JuliaSIMD / LoopVectorization.jl

Macro(s) for vectorizing loops.
MIT License
728 stars 65 forks source link

Custom A*X .+ b returning wrong results #379

Open bartvanerp opened 2 years ago

bartvanerp commented 2 years ago

First of all, great package! I was trying to implement a slight alteration to the matrix multiplication example from the Readme.md:

function custom_gemm!(C::Matrix{T}, A::Matrix{T}, B::Matrix{T}, b::Vector{T}) where { T }
    @turbo for m ∈ axes(A,1), n ∈ axes(B,2)
        Cmn = b[m]
        for k ∈ axes(A,2)
            Cmn += A[m,k] * B[k,n]
        end
        C[m,n] = Cmn
    end
end

where I only changed the original line Cmn = zero(eltype(C)) to Cmn = b[m]. Basically I want this function to return A*X .+ b. Although this change seems trivial in my eyes, the implementation gives:

julia> using LoopVectorization

julia> Y, A, X, b = randn(2,2), randn(2,2), randn(2,2), ones(2)

julia> A*X .+ b
2×2 Matrix{Float64}:
 1.44203   0.534377
 0.931009  1.14601

julia> custom_gemm!(Y, A, X, b)
2×2 Matrix{Float64}:
 1.0  1.0
 1.0  1.0

It seems that the inner for-loop is ignored and Cmn is only set to b[m]. If I slightly change the above function the code works again:

function custom_gemm2!(C::Matrix{T}, A::Matrix{T}, B::Matrix{T}, b::Vector{T}) where { T }
    @turbo for m ∈ axes(A,1), n ∈ axes(B,2)
        Cmn = zero(T) 
        Cmn += b[m]
        for k ∈ axes(A,2)
            Cmn += A[m,k] * B[k,n]
        end
        C[m,n] = Cmn
    end
end

julia> custom_gemm2!(Y, A, X, b)
2×2 Matrix{Float64}:
 1.44203   0.534377
 0.931009  1.14601

I am not sure what is causing this issue, but I can imagine that a lot of people might accidentally run into this.

julia> versioninfo()
Julia Version 1.7.0
Commit 3bf9d17731 (2021-11-30 12:12 UTC)
Platform Info:
  OS: Windows (x86_64-w64-mingw32)
  CPU: Intel(R) Core(TM) i7-9750H CPU @ 2.60GHz
  WORD_SIZE: 64
  LIBM: libopenlibm
  LLVM: libLLVM-12.0.1 (ORCJIT, skylake)
Environment:
  JULIA_NUM_THREADS = 12

LoopVectorization v0.12.101

chriselrod commented 2 years ago

I am not sure what is causing this issue

Basically, LoopVectorization parses the expression in a single pass. If you write

for m ∈ axes(A,1), n ∈ axes(B,2)
        Cmn = zero(T) 

then it records that Cmn depends on m and n. If you write

for m ∈ axes(A,1), n ∈ axes(B,2)
        Cmn = b[m]

then it records that Cmn depends on m, because it doesn't know yet you're going to sum over it.

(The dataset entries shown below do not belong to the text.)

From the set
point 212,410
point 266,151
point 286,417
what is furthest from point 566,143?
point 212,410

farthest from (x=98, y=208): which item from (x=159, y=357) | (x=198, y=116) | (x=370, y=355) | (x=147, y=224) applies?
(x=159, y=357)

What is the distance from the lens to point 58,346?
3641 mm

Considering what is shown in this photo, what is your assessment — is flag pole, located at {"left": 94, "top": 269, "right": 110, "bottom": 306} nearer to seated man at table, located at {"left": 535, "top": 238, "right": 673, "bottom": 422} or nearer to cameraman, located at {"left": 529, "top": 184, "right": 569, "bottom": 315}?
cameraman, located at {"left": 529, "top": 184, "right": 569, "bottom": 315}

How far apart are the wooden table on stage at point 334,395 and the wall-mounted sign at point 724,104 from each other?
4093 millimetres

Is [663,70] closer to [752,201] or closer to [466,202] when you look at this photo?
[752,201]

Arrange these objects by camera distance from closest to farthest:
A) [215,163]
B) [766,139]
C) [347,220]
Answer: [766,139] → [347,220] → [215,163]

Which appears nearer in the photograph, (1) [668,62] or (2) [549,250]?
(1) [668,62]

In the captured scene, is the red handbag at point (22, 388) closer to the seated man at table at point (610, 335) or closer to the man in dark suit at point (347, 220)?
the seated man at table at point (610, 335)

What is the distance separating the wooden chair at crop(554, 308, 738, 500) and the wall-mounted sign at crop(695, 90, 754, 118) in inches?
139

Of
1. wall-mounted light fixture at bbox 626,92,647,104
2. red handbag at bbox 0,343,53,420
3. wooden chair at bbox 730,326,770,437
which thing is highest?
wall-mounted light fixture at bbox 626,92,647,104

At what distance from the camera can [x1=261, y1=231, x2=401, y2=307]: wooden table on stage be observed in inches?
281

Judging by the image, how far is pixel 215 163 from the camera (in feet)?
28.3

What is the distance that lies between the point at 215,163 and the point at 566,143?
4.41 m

In hindsight, single-pass parsing that also deduces the structure/behavior of the loop was not a good idea. It'd be better to first build an analyzable internal representation, and then use this to derive meaning.

Long term, I am rewriting LoopVectorization, which will address that issue (among others).

Short term, the simplest fix would probably be to add an extra field to the Operation struct that indicates the loop level it was initialized at, that the reduction code can later use. Should be a simple fix.